DATASET CONTENT:

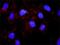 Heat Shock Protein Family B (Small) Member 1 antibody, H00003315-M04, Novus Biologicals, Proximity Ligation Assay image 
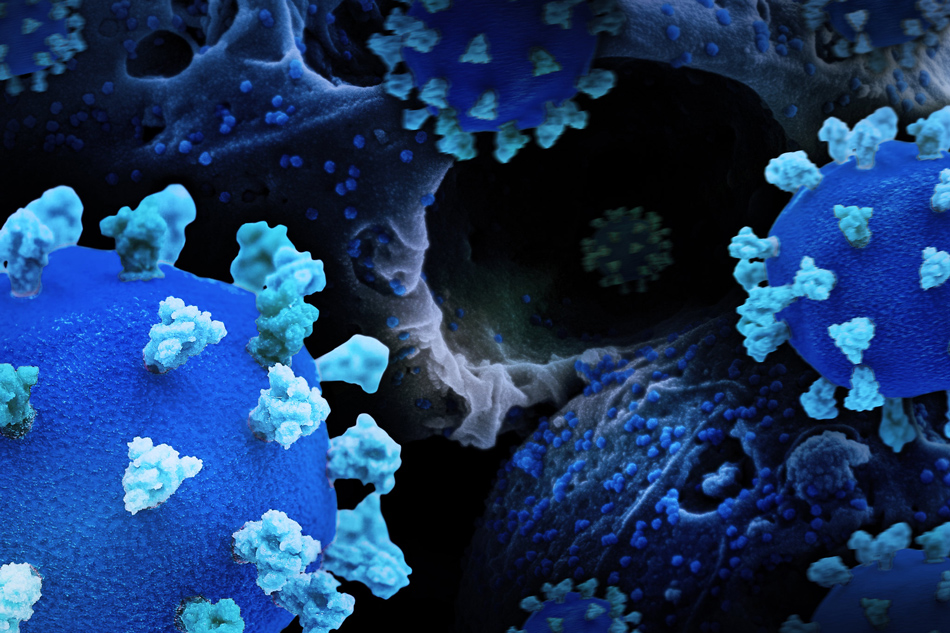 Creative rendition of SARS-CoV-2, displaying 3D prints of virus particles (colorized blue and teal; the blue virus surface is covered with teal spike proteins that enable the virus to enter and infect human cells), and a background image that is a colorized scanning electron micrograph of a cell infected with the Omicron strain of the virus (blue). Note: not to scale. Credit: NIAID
...
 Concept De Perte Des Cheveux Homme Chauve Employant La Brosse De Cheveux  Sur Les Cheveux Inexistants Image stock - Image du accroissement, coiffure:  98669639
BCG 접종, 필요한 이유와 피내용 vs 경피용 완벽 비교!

AIM OF THE TASK: All that is wanted is an exact copy of the lines above from the one with "Concept De Perte" through the one with "BCG 접종, 필요한 이유와 피내용 vs 경피용 완벽 비교!", with both ends included.

REPLY TO THE EXERCISE:
 Concept De Perte Des Cheveux Homme Chauve Employant La Brosse De Cheveux  Sur Les Cheveux Inexistants Image stock - Image du accroissement, coiffure:  98669639
BCG 접종, 필요한 이유와 피내용 vs 경피용 완벽 비교!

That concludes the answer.